### Goal of the exercise
Please print, word for word, every line from the one that contains "Brown Maroon Patchwork Border Shawl" through the last line of the records, and nothing else.

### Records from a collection
┄┄┄┄┄┄┄┄┄┄
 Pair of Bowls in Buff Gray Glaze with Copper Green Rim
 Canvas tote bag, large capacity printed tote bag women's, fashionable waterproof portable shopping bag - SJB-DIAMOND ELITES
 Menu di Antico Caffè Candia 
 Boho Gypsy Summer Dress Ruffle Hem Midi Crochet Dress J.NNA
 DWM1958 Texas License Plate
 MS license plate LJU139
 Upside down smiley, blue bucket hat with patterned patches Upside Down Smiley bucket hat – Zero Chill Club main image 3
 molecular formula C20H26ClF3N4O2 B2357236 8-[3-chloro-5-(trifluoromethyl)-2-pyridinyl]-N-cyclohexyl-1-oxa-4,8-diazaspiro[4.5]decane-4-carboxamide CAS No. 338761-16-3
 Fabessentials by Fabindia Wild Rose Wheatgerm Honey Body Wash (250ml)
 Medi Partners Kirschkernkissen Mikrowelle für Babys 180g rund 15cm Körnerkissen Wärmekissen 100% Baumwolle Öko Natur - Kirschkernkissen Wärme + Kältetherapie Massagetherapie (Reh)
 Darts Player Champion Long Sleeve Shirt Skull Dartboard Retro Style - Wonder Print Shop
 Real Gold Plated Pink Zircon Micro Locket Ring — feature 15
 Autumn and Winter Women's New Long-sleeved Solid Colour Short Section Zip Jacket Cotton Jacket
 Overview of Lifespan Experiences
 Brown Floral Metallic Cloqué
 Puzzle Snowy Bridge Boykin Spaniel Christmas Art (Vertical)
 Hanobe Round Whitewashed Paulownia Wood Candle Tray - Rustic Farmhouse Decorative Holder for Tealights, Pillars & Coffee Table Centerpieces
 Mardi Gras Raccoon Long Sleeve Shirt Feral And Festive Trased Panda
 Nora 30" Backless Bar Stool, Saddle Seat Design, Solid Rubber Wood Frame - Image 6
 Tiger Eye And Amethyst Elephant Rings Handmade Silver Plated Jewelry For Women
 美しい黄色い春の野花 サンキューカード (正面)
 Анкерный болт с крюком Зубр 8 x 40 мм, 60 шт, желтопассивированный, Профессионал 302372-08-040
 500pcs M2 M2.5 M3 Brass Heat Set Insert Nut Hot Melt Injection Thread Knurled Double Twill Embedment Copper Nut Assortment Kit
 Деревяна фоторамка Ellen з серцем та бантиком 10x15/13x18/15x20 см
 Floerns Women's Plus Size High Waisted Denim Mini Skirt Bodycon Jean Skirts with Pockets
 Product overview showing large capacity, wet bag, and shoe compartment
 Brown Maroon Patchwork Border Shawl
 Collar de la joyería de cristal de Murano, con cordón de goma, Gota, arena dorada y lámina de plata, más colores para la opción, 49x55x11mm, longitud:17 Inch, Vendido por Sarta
┄┄┄┄┄┄┄┄┄┄
### Task solution
 Brown Maroon Patchwork Border Shawl
 Collar de la joyería de cristal de Murano, con cordón de goma, Gota, arena dorada y lámina de plata, más colores para la opción, 49x55x11mm, longitud:17 Inch, Vendido por Sarta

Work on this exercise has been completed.